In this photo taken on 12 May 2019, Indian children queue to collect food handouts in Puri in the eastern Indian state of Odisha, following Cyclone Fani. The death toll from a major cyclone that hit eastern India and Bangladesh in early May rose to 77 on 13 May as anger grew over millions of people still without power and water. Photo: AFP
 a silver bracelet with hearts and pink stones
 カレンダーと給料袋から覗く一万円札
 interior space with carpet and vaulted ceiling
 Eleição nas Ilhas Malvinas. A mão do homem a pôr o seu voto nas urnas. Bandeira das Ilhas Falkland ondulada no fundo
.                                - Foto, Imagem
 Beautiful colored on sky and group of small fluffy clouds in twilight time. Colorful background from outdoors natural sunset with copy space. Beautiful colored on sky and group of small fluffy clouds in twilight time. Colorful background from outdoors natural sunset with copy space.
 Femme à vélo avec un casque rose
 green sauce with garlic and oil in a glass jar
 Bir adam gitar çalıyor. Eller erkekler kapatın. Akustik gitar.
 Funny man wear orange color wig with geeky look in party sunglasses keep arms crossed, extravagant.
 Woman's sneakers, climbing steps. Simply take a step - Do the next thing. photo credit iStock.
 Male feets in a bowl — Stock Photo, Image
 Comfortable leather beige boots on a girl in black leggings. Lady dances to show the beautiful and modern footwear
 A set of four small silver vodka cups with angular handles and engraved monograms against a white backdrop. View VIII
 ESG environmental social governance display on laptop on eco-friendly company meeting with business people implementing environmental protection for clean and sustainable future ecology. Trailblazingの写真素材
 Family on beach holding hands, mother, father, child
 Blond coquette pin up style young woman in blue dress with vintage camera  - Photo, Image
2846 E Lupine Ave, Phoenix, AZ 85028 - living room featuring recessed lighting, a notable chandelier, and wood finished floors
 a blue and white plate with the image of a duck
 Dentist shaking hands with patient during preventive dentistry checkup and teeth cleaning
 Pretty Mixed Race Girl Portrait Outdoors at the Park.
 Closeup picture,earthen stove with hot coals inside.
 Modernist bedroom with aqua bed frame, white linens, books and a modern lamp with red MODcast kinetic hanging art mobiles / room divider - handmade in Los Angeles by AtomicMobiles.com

####

How to complete this task: Up to and including the line with "A set of four", output every line of the records above exactly, starting from the first; output nothing else.

Written answer:
In this photo taken on 12 May 2019, Indian children queue to collect food handouts in Puri in the eastern Indian state of Odisha, following Cyclone Fani. The death toll from a major cyclone that hit eastern India and Bangladesh in early May rose to 77 on 13 May as anger grew over millions of people still without power and water. Photo: AFP
 a silver bracelet with hearts and pink stones
 カレンダーと給料袋から覗く一万円札
 interior space with carpet and vaulted ceiling
 Eleição nas Ilhas Malvinas. A mão do homem a pôr o seu voto nas urnas. Bandeira das Ilhas Falkland ondulada no fundo
.                                - Foto, Imagem
 Beautiful colored on sky and group of small fluffy clouds in twilight time. Colorful background from outdoors natural sunset with copy space. Beautiful colored on sky and group of small fluffy clouds in twilight time. Colorful background from outdoors natural sunset with copy space.
 Femme à vélo avec un casque rose
 green sauce with garlic and oil in a glass jar
 Bir adam gitar çalıyor. Eller erkekler kapatın. Akustik gitar.
 Funny man wear orange color wig with geeky look in party sunglasses keep arms crossed, extravagant.
 Woman's sneakers, climbing steps. Simply take a step - Do the next thing. photo credit iStock.
 Male feets in a bowl — Stock Photo, Image
 Comfortable leather beige boots on a girl in black leggings. Lady dances to show the beautiful and modern footwear
 A set of four small silver vodka cups with angular handles and engraved monograms against a white backdrop. View VIII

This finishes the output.